In 1980, Gilbert, along with Sanger and Paul Berg, was awarded half of the Nobel Prize in Chemistry "for their contributions concerning the determination of base sequences in nucleic acids." The other half of the prize was awarded to Paul Berg for similar research. Their work was recognized for not only advancing fundamental knowledge but also for the practical applications, such as the production of human hormones using bacteria.

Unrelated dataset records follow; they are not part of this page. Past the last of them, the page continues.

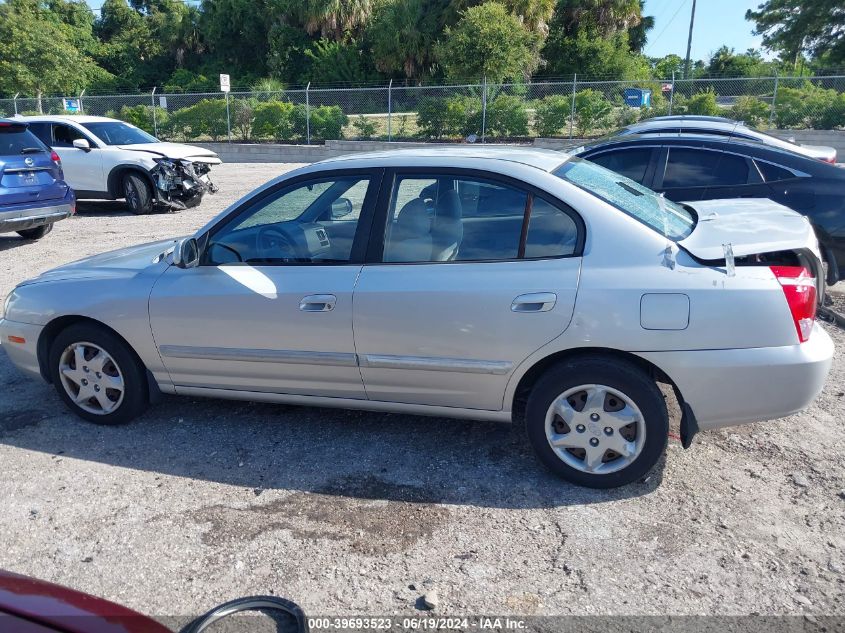 2004 Hyundai Elantra Gls/Gt VIN: KMHDN46D24U822409 Lot: 39693523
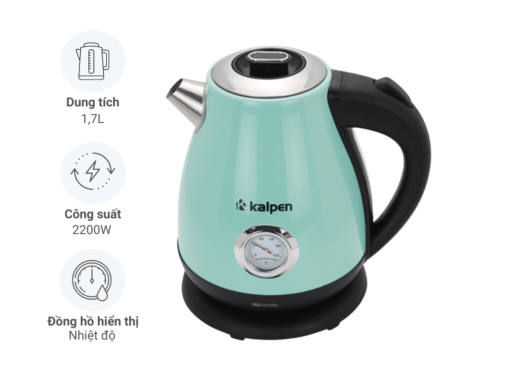 ấm đun nước siêu tốc kalpen kk91 (xanh)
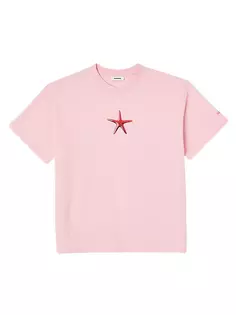 Футболка с морской звездой Sandro, розовый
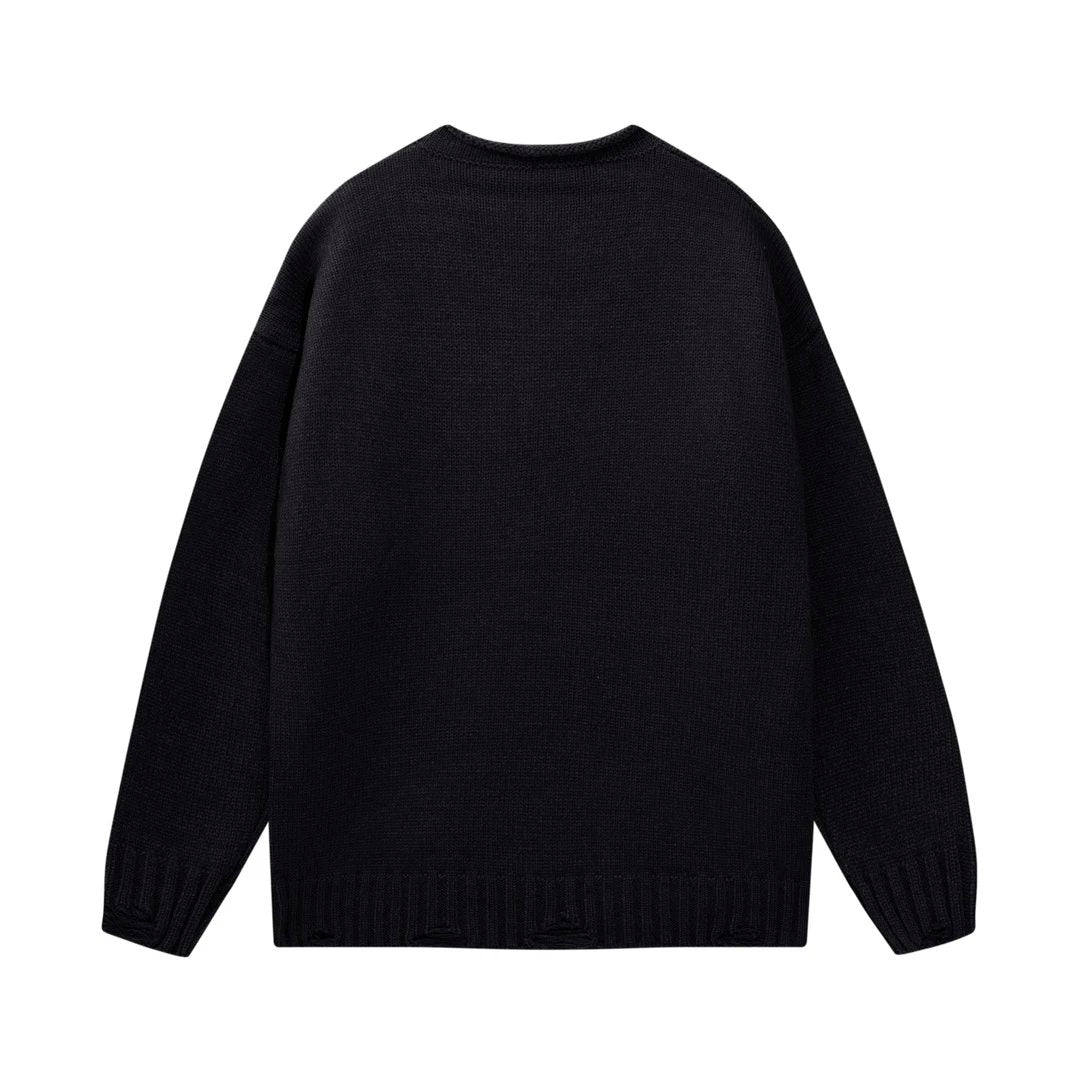 Maison Margiela Sweater Letter Knit Sweater Crew Neck Casual Loose Versatile Knitwear Os Unisex Inner Layer Design24ss Autumn and Winter New Products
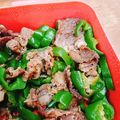 yumi_cook's cooksnap of when they made ♡材料はだった２つ？ピーマンと牛肉炒め♡.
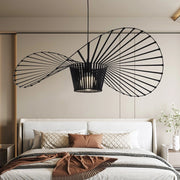 ZMH Lampada a Sospensione Moderna a LED Nero E27 140 cm per Sala da Pranzo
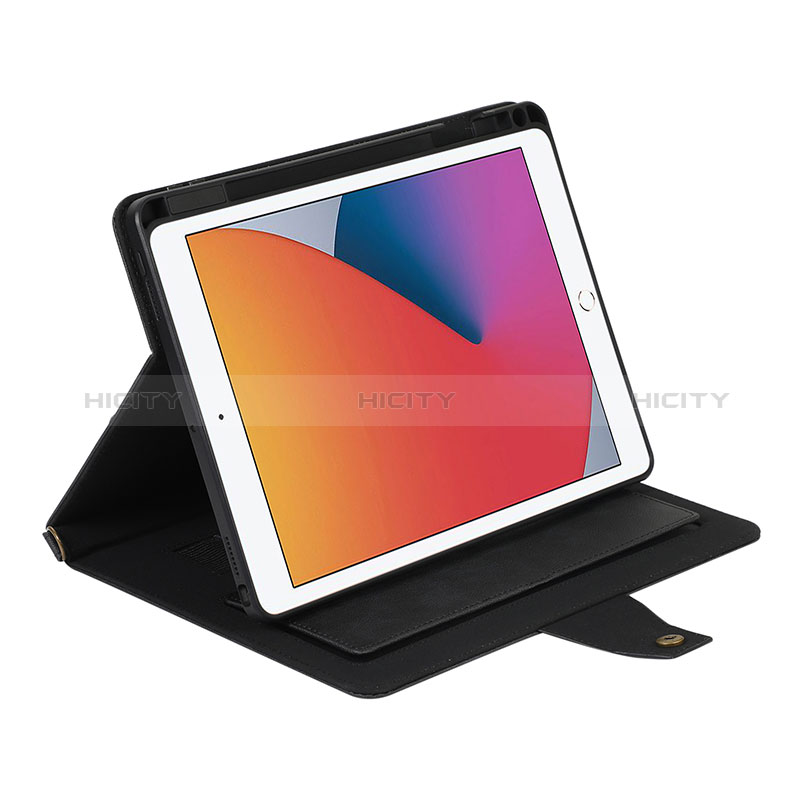 Funda de Cuero Cartera con Soporte Carcasa AD1 para Apple iPad Air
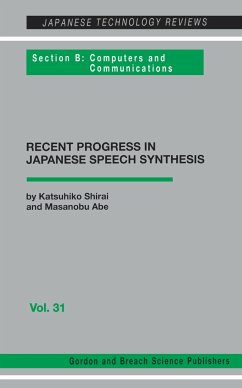 Japanese Speech Synthesis - Shirai, Katushiko; Shirai, Katsuhiko; Abe, Masanobu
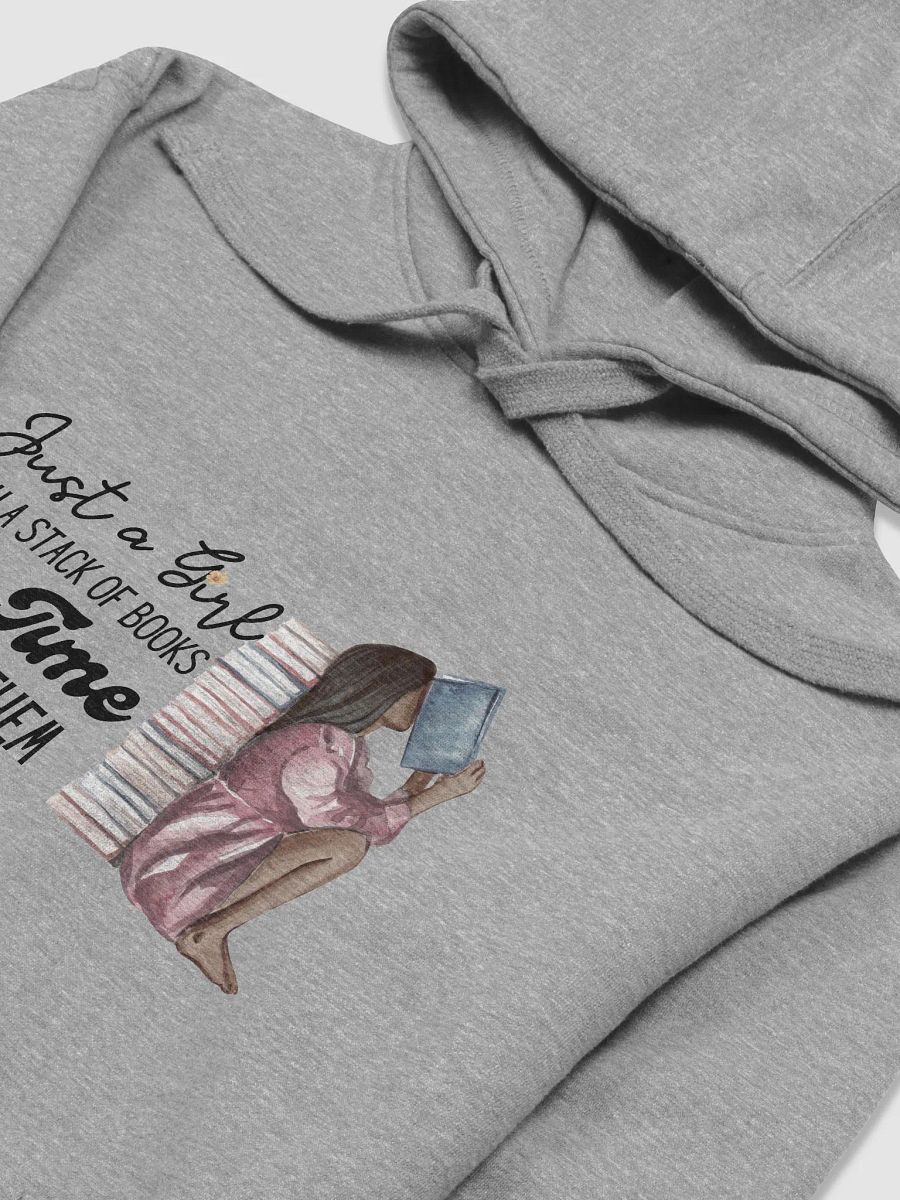 Just a Girl With a Stack of Books Hoodie product image (13)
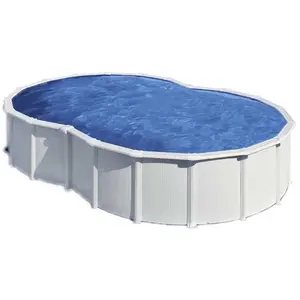 Gre Piscine acier en huit Varadero - 520 x 350 x H 122 cm (+Filtre à sable)Vendu parrue-du-commerce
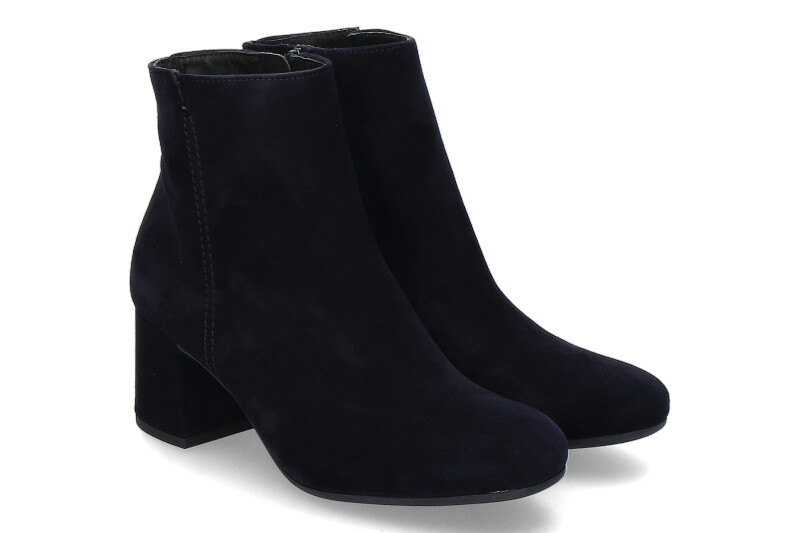 Paul Green ankle boots SAMTZIEGE -blau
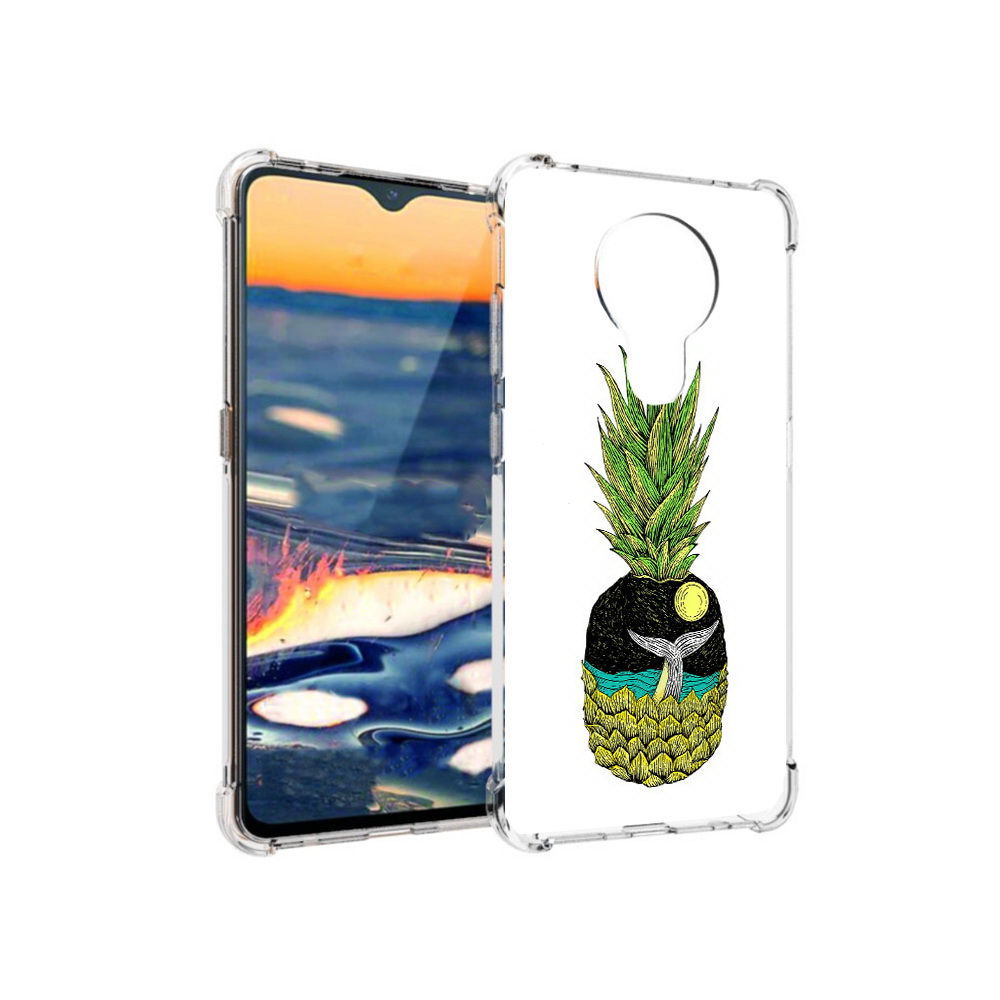 

Чехол MyPads Tocco для Nokia 5.3 ананас с китом (PT227052.106.220), Прозрачный, Tocco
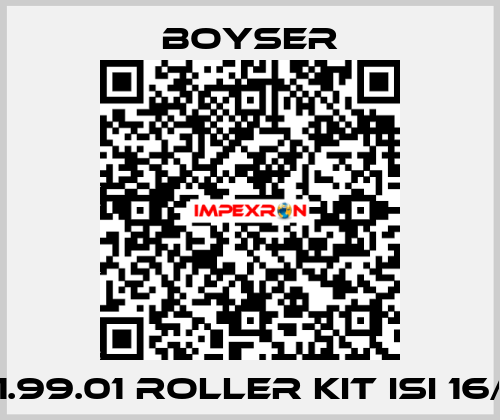 101.99.01 Roller KIT ISI 16/19 Boyser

In addition to the Nobel Prize, Gilbert has received numerous other accolades, including the National Academy of Sciences' Steel Foundation Prize in Molecular Biology (1968), the V.D. Mattia Award from the Roche Institute of Molecular Biology (1976), the Louis and Bertie Friedman Prize from the New York Academy of Sciences (1977), the Louise Gross Horwitz Prize from Columbia University (1979), the annual Gairdner Foundation Award (1979), the Albert Lasker Award for Basic Medical Research (1979), and the Herbert A. Sober Memorial Award from the American Society of Biochemistry and Molecular Biology (1980). He has been honored with honorary scientific degrees from the University of Chicago, Columbia University, and the University of Rochester. Gilbert is a member of the American Academy of Arts and Sciences, the National Academy of Sciences, the American Society of Biochemistry and Molecular Biology, and the American Physical Society.